Source material
* * * *
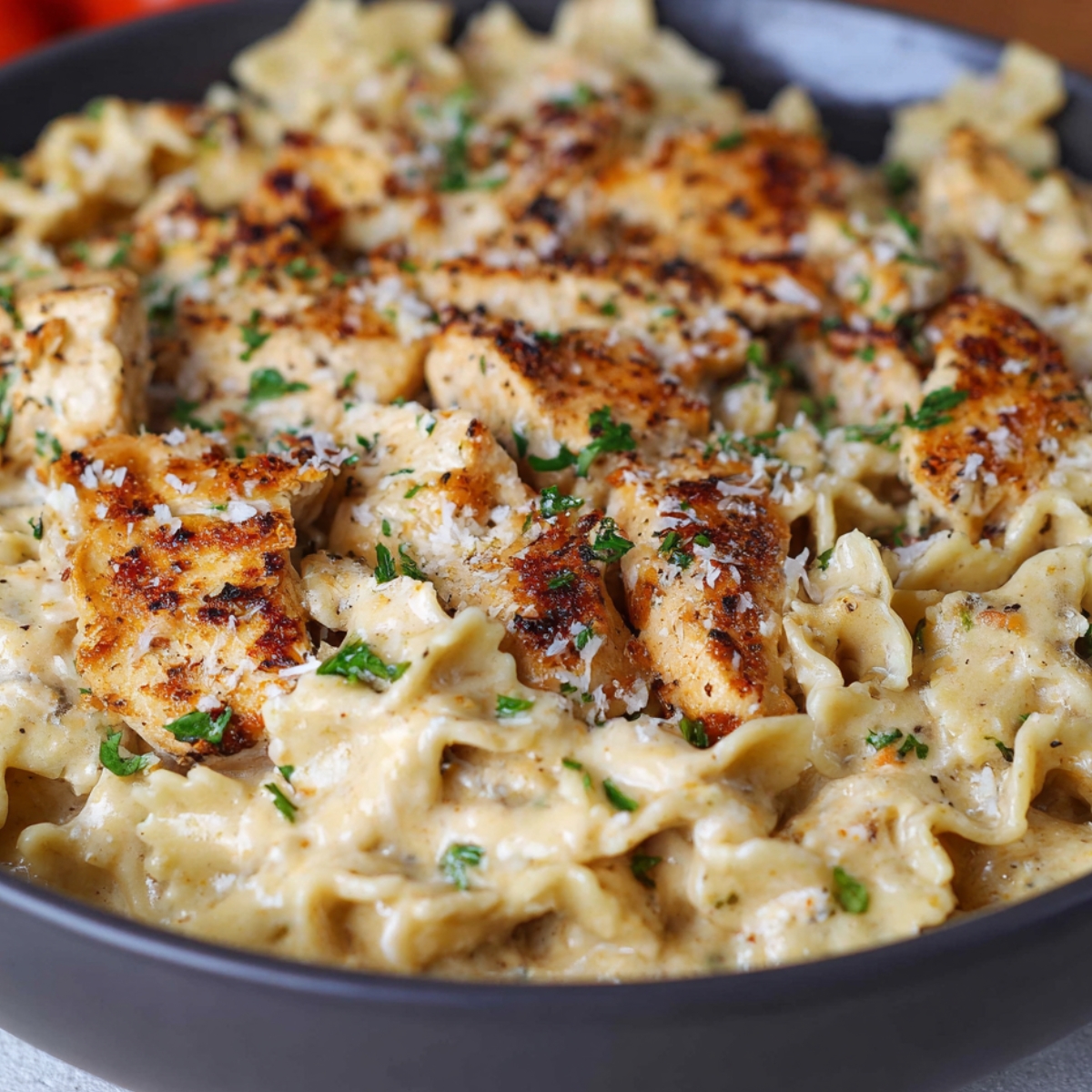 “Bowl of creamy garlic parmesan Chicken pasta with golden seared chicken pieces, garnished with parsley and grated cheese.”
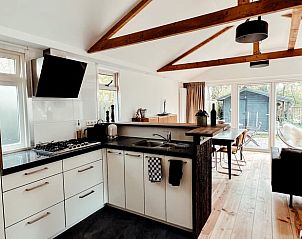Modern kitchen and bright living room in Cottage in Ermelo, vacation home on the Veluwe in Gelderland, overlooking the garden.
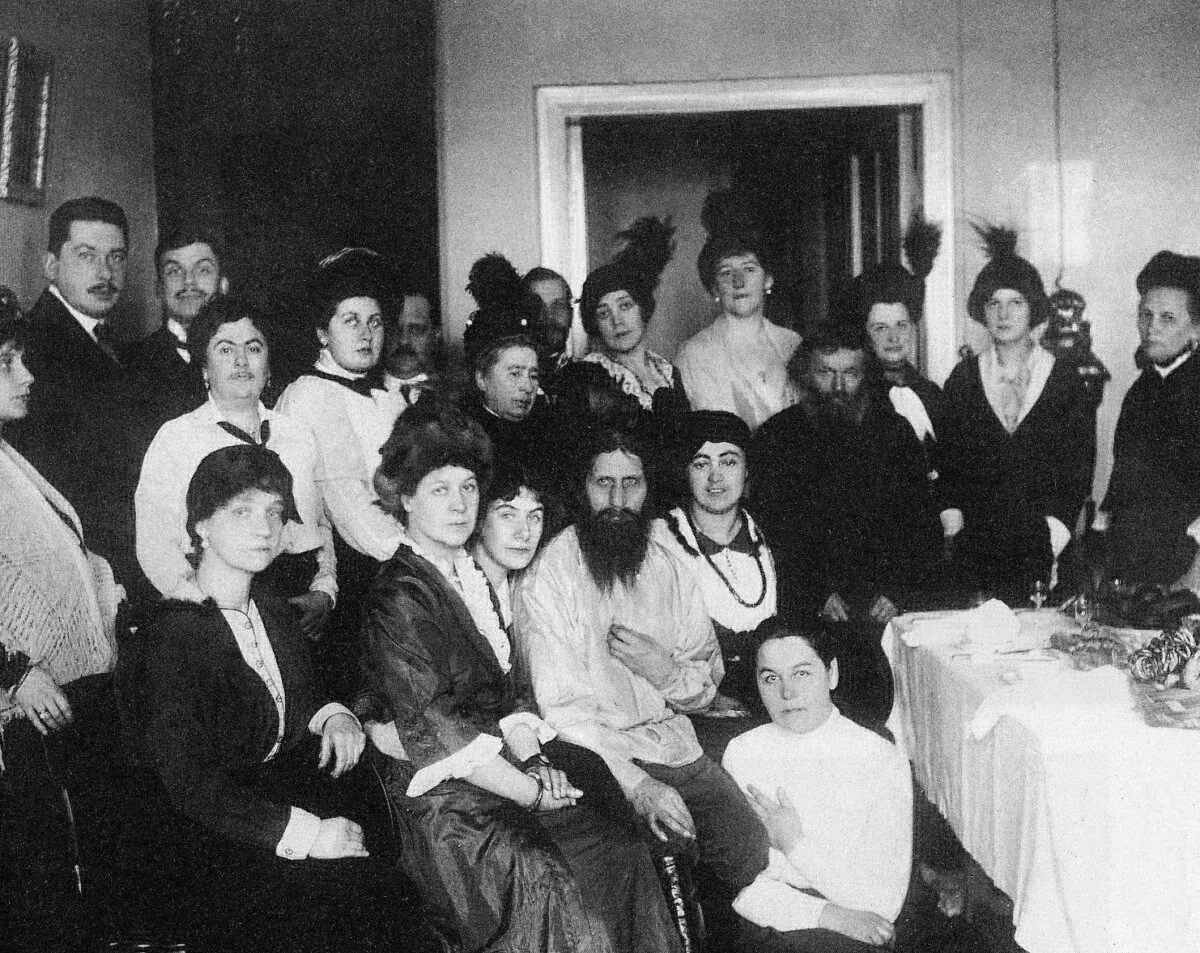 Russian mystic Grigori Rasputin (seated, centre) with his followers in 1914, two years before he was assassinated. (Public Domain)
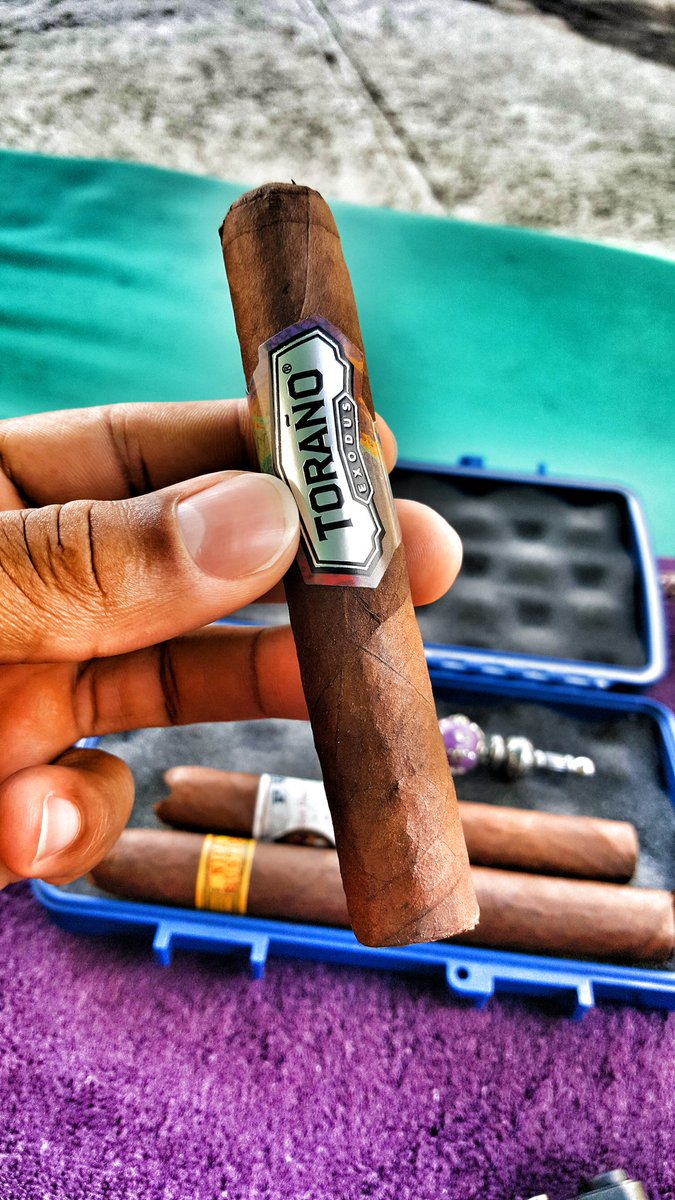 CONDOISHIM's tweet photo. Since I'm not @theIPCPR this year it's only right I light up and put some smoke in the air with @ToranoCigar. #Hello #StogieLifeStyle https://t.co/PC9WQIRmxN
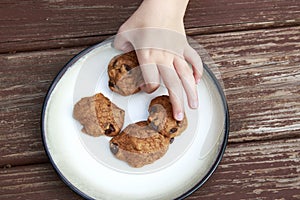 Child stealing a pumpkin chocolate chip cookie from a plate.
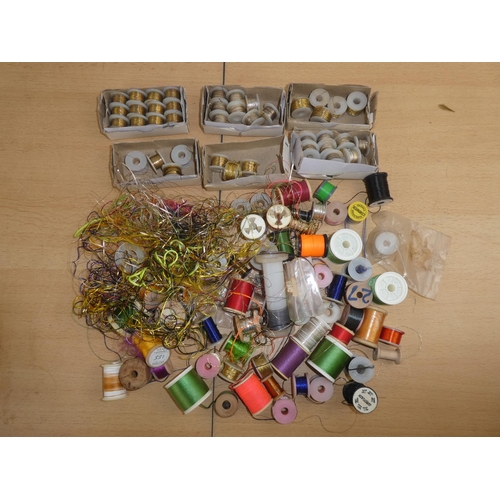 324 - A large lot of assorted tinsel spools and more.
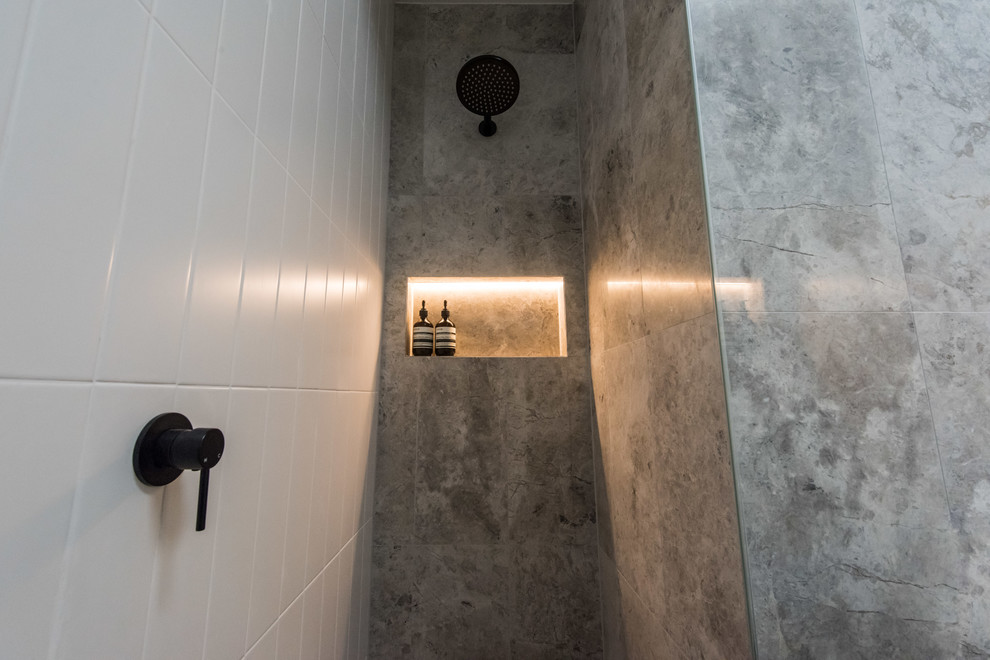 Inspiration for a mid-sized contemporary master bathroom in Melbourne with furniture-like cabinets, grey cabinets, a freestanding tub, an open shower, a one-piece toilet, white tile, marble, grey walls, marble floors, a vessel sink, marble benchtops, grey floor and a hinged shower door.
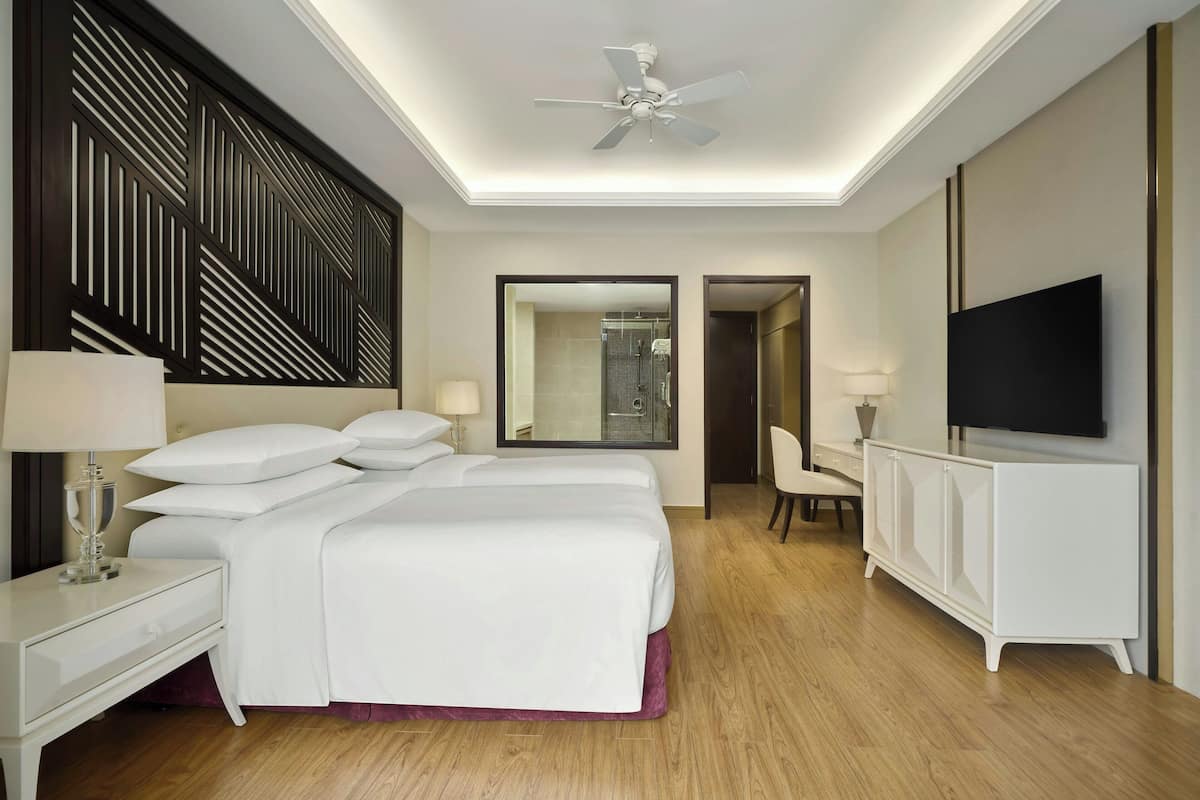 A hotel room with a large bed, a TV, a desk, and a mirror.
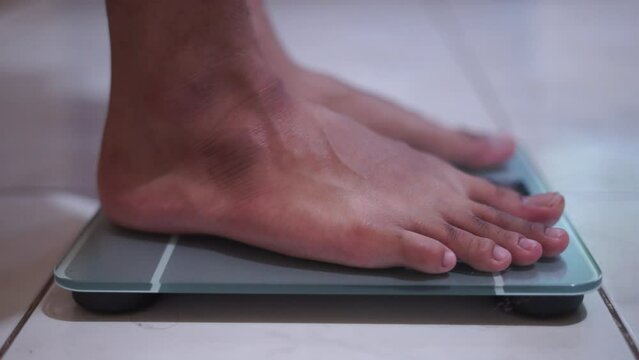 Man Feet Standing Weighing Scales, Checking BMI Weight Loss. Barefoot Measuring Body Fat Overweight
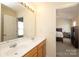 Bright bathroom features double sinks with a large mirror and a doorway to the bedroom at 920 Lakehill Rd, Charlotte, NC 28214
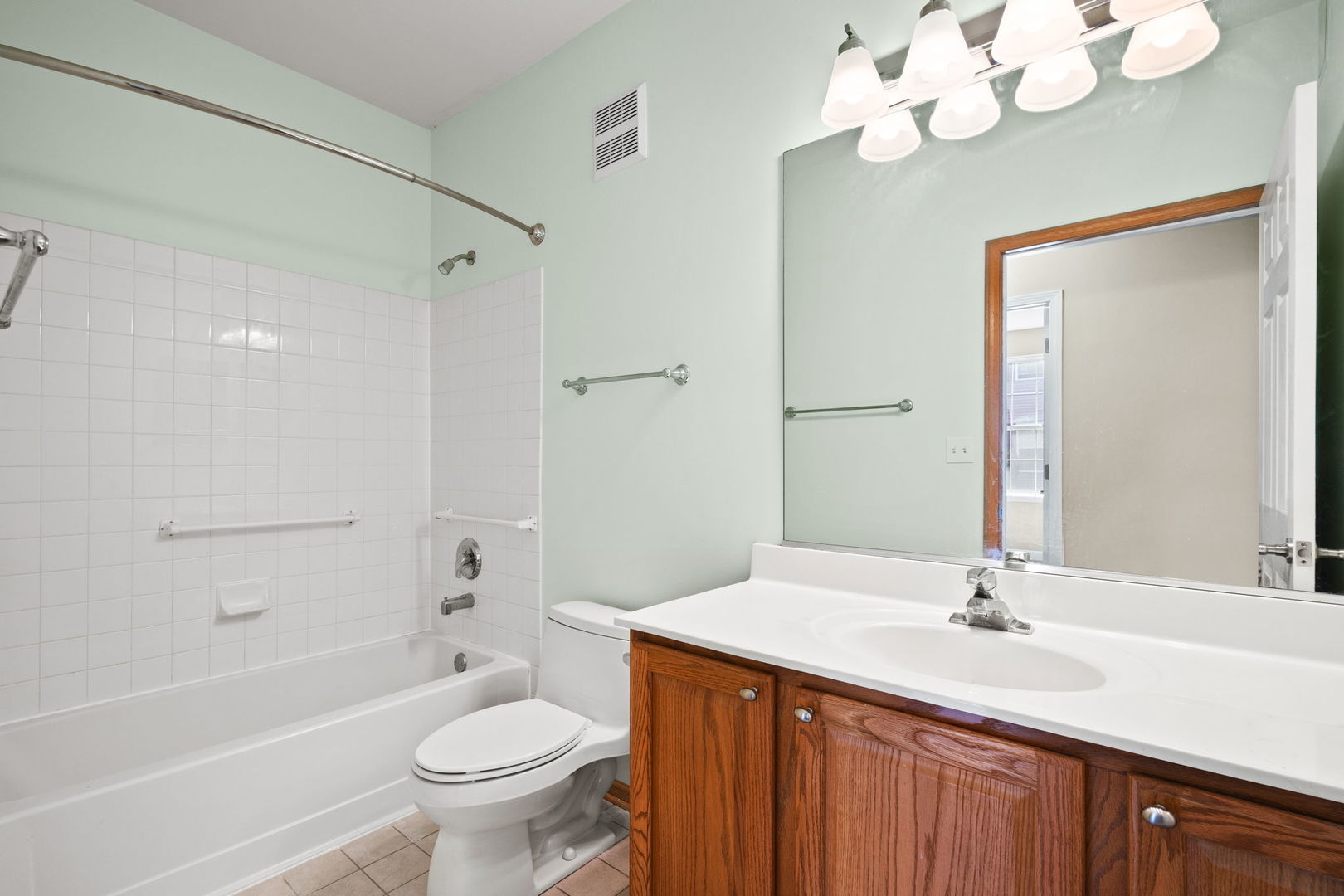 2568 Golf Ridge Circle, Unit 2568 Naperville, IL 60563 - Photo 14 of 18 a bathroom with a granite countertop sink a toilet a mirror and shower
* * * *
Work required
Please give the material above again in full, with no pictures in your version.

Result of this task
 “Bowl of creamy garlic parmesan Chicken pasta with golden seared chicken pieces, garnished with parsley and grated cheese.”
Modern kitchen and bright living room in Cottage in Ermelo, vacation home on the Veluwe in Gelderland, overlooking the garden.
 Russian mystic Grigori Rasputin (seated, centre) with his followers in 1914, two years before he was assassinated. (Public Domain)
 CONDOISHIM's tweet photo. Since I'm not @theIPCPR this year it's only right I light up and put some smoke in the air with @ToranoCigar. #Hello #StogieLifeStyle https://t.co/PC9WQIRmxN
 Child stealing a pumpkin chocolate chip cookie from a plate.
 324 - A large lot of assorted tinsel spools and more.
 Inspiration for a mid-sized contemporary master bathroom in Melbourne with furniture-like cabinets, grey cabinets, a freestanding tub, an open shower, a one-piece toilet, white tile, marble, grey walls, marble floors, a vessel sink, marble benchtops, grey floor and a hinged shower door.
 A hotel room with a large bed, a TV, a desk, and a mirror.
 Man Feet Standing Weighing Scales, Checking BMI Weight Loss. Barefoot Measuring Body Fat Overweight
 Bright bathroom features double sinks with a large mirror and a doorway to the bedroom at 920 Lakehill Rd, Charlotte, NC 28214
 2568 Golf Ridge Circle, Unit 2568 Naperville, IL 60563 - Photo 14 of 18 a bathroom with a granite countertop sink a toilet a mirror and shower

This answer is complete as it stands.